There is a geographical and historical logic to a Celtic presence in the Finnish duo Lepisto & Lehti (pictured above left), former members of the country’s most popular folk band, Varttina. Playing under trees for Radio 3 live, the duo subdued listeners and transported them with just a double bass and accordions, button and piano, and told witty, deadpan stories in between. They moved (us) between landscapes, from dream-like melodies conjuring sublime snow scenes and infinite horizons, to a sensual version of Finnish tango, and a choppy shanty-like song, and always, somewhere in the mix, an underlying Gaelic strain lent its unique emotion. New to me, they were reminders that WOMAD is about discovery as well as familiarity.
The Celtic link was literal with Dublin’s latest star, Imelda May (pictured right). A dazzling surprise, this rockabilly vamp adds R’n'B classics to her repertoire, a perfect Mad Men character with a kiss-curl whiff and skin-tight dress, and a voice which transfixes you with its confident power and versatility. Comparisons with Nina Simone and Amy Winehouse are weak: her vocal style already belongs to Imelda May, the Dublin gal who plays bodhran with a rhythymic frenzy, dances like a slinky caterpillar and talks knowledgeably about the legends whose songs she transforms. Within seconds, she had control of the audience, her humour and spontaneity keeping them with her. The double bass player who moved at amphetamine speeds, slapped the strings in rockabilly style, plucked thick, phat notes which force the dance, as Imelda struck out on the bodhran like a shaman from Siberia. To paraphrase Juldeh Camara’s comment about his own playing, the spirits were close.

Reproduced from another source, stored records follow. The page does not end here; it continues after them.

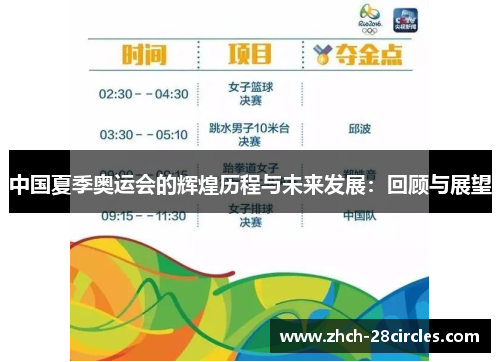 中国夏季奥运会的辉煌历程与未来发展：回顾与展望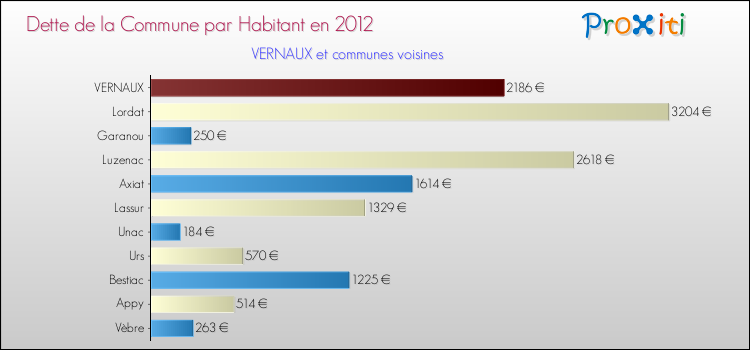 Dette par habitant de la commune en 2012 pour VERNAUX et les communes proches Comparaison de la dette par habitant de la commune en 2012 pour VERNAUX et les communes voisines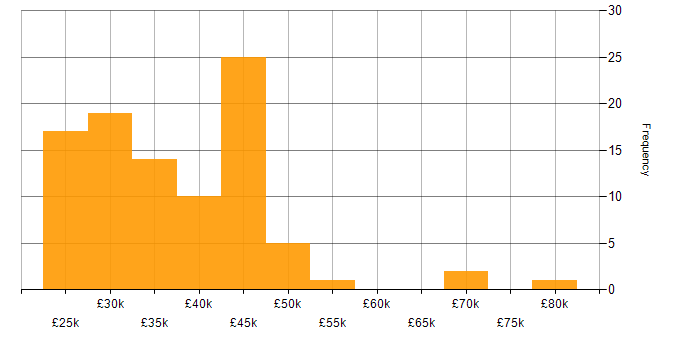 Salary histogram for Windows Server 2019 in the North of England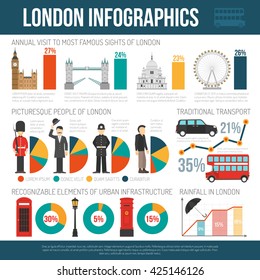 English weather culture traditions for travelers and statistic on london landmarks visitors infographic poster flat abstract vector illustration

The close of the festival for me was the reunion of one of WOMAD’s favourite bands, the Afro Celt Sound System who returned after a 10-year break. They came to celebrate their 15th anniversary and launch of a retrospective CD. The Pogues and Afro Celt multi-instrumentalist, James McNally told us, “The band were born in the Whirl-y-Gig tent,” that long-gone psychedelic den which launched a genre of cross-cultural collaborations. Music without Borders is their category, and their music a model of enduring brilliance and collaborations. This was a non-stop, racing performance which exploded to a different level when the turbaned kit drummer Johnny Kalsi, leapt up and strapped on a thunderous dhol drum (the rhythymic voice of bhangra).

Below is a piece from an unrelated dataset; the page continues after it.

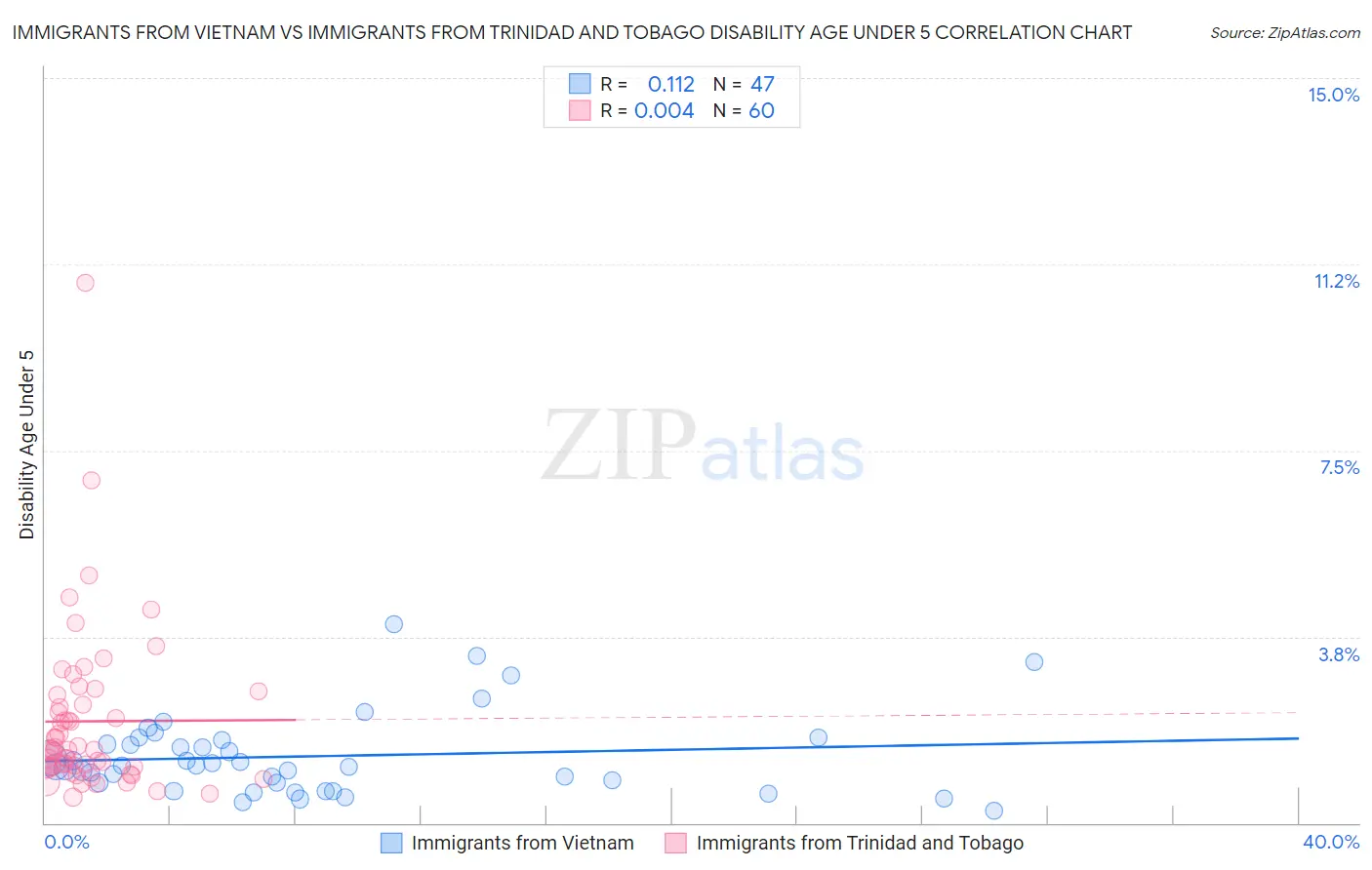 Immigrants from Vietnam vs Immigrants from Trinidad and Tobago Disability Age Under 5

He rushed around the stage, in conversation with the high-pitched, chattering drum, dropped the volume to meet the bodhran player’s softer rhythms, weaved amongst the prancing, spirit-like Fulani dancer, Demba Barry, then at a whim paused the organised chaos, to allow a chiming cascade of notes from N'Faye Kouyate‘s kora and Simon Emmerson’s psychedelic bluesy abstract electric guitar melodies. Phew. Every song brought an upsurge of energy in an almost orchestral collusion. Unlike the performance of Justin Adams and Juldeh Camara, this music is not transcendental but Afro Celts operates as an organism, truly genetically mutant and their magic is euphoric and equally enduring. A magical ending to my weekend, I look back on it as a place to suspend reality, watch musicians you’ve never heard of as well as those you love, and hand over to fun. Forget the real world: this is a utopia where politics and issues are everywhere, often subtle and unspoken, but always sneakily underlying it all. Thanks to Peter Gabriel and the team at WOMAD's continuing passion, and long may it last.